ASU law professor Gary Marchant thinks 2010 may be the new “1984.”

Marchant underlined the relationships between technology, privacy and law, and theorized on today’s society subsiding into a “surveillance society” in a presentation Tuesday at Armstrong Hall in Tempe.

“There are self-fulfilling aspects of it,” Marchant said. “If you have lower expectations of privacy, the less you are constitutionally protected.”

Many of the technologies Marchant explained were related to global positioning system devices and their implementation in cars and cell phones.

There are cutting-edge technologies implemented in new vehicles based on GPS, Marchant said, including sensors in select California parking lots that can direct the user’s vehicle to the nearest open parking spot.

As for GPS in cell phones, Marchant highlighted the highs and lows between technology and privacy.

Location-based services can provide users with directions, restaurant guides, and even distance and speed while jogging, he said.

On the other side, cell phone use raises several privacy claims.

“For all of those in this room with a phone, your location is being tracked,” he said.

Marchant said in documents released by wireless provider Sprint last year, the company released 8 million “pings,” which collect latitude and longitude data from a user’s phone, to police agencies across the nation.

If law enforcement agencies wanted to obtain the phone records of a user, Marchant said many courts don’t require a warrant to gain access to the information.

The 3rd U.S. Circuit Court of Appeals ruled in September that some sort of formal process is needed to be able to obtain phone records, but it may not need to be a warrant, he said.

Law enforcement is also taking advantage of other progressing technology in the realm of GPS.

The 9th U.S. Circuit Court of Appeals ruled in January that if police stick a GPS unit to the underside of a person’s car in the car owner’s driveway, there is no requirement for a warrant or probable cause because the owner had no reasonable expectation of privacy in his or her driveway, Marchant said.

The Los Angeles Police Department is also testing a “GPS projectile,” he said, which allows police vehicles to effectively shoot a small missile that sticks a GPS unit on a person’s car to track his or her movements.

Aside from law enforcement, there are still concerns over GPS services in cell phones, Marchant said.

A new website called Loopt allows users to visualize where other friends with GPS cell phones are around the world.

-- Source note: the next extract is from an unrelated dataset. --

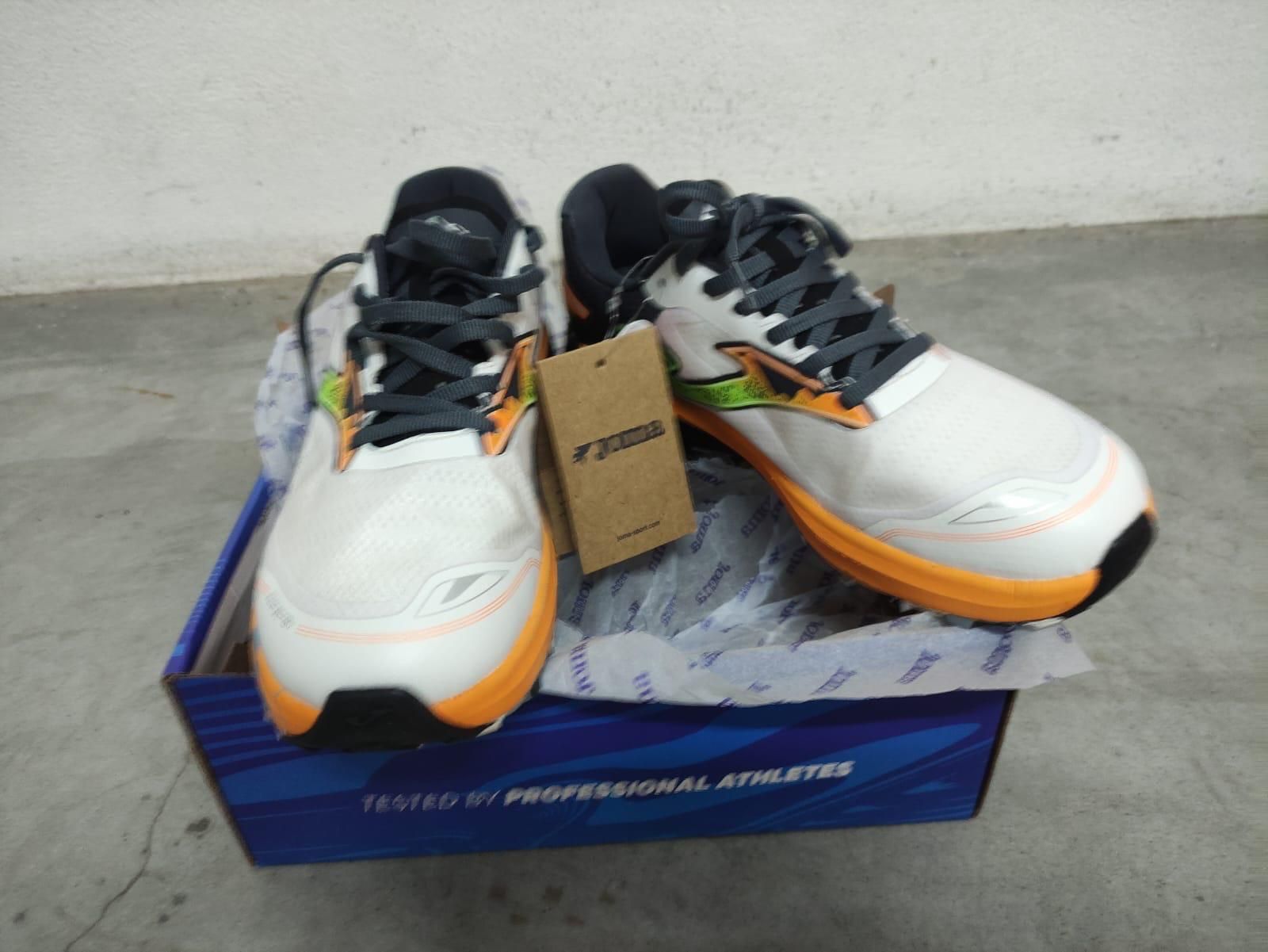 Tênis Joma TR-7000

“You can program in friends and know where they are at all times, who’s staying at who’s house, and that can get interesting,” Marchant said. “Most people as they get older would think it’s kind of creepy, but teenagers love it.”

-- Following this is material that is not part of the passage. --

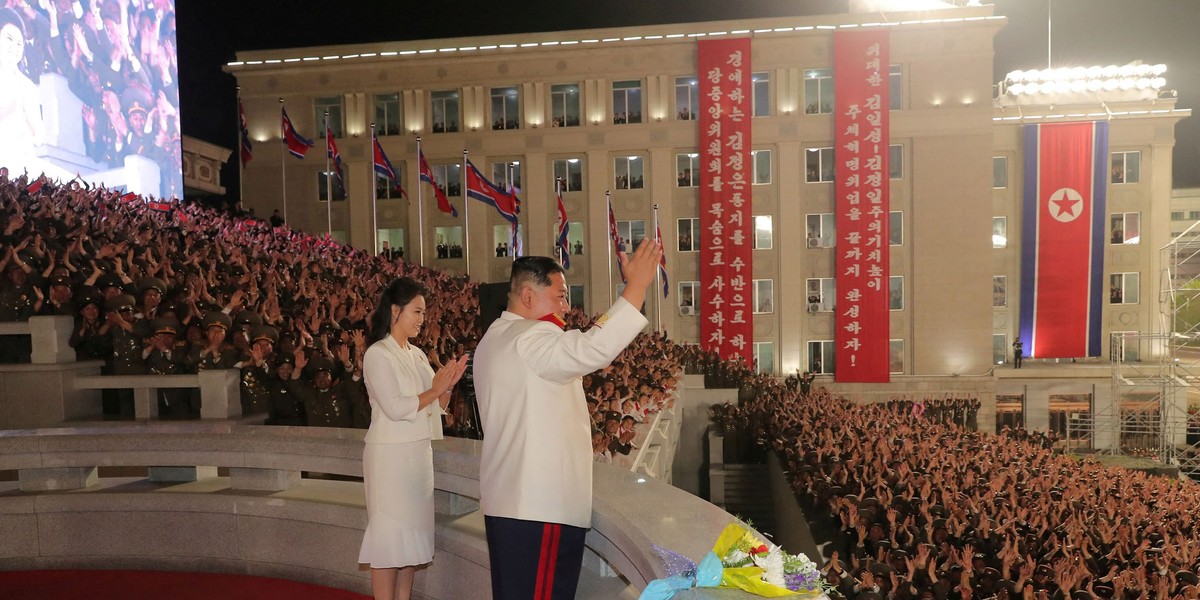 Kim Dzong Un pokazał się na defiladzie z piękną kobietą u boku. Kim jest?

Businesses are also taking advantage of progressing technologies, Marchant said.

Companies are using GPS in employees’ vehicles to track what the workers are doing on the clock, he said.

It definitely has increased efficiency, Marchant said, but it does create a lot of pressure on workers.

“If you stop to get a coffee or soda, and the line to the cashier is too long, you start getting worried,” he said.

Marchant noted that several people have linked the progression in GPS technology with the concept of panopticism, in which “you don’t know if you’re being watched, but you could be.”

“At any time, you have to be concerned that you’re being watched,” he said. “If you’re not doing anything wrong it’s OK, but still, it’s a little creepy.”

Several law students in attendance said they were fascinated by Marchant’s presentation.

“The more we feel that we’re exposed, the less privacy we actually have, and it’s an argument that’s kind of concerning,” said second-year law student Jacob Jones. “I definitely think it’s important that we’re aware of these issues and how to react.”

Third-year law student Nick Barton said although technology can be beneficial in the realm of law, privacy concerns still weigh in the balance.

“We have better ways to track the events that are happening in the world … we know what happened in the course of events of the issues we’re trying to resolve,” Barton said. “We’re definitely going to give up some privacy because so much efficiency occurs, but how much? I don’t know.”

At the end of his presentation, Marchant allowed questions from law students and onlookers, asking, “Questions, comments or paranoid rants?”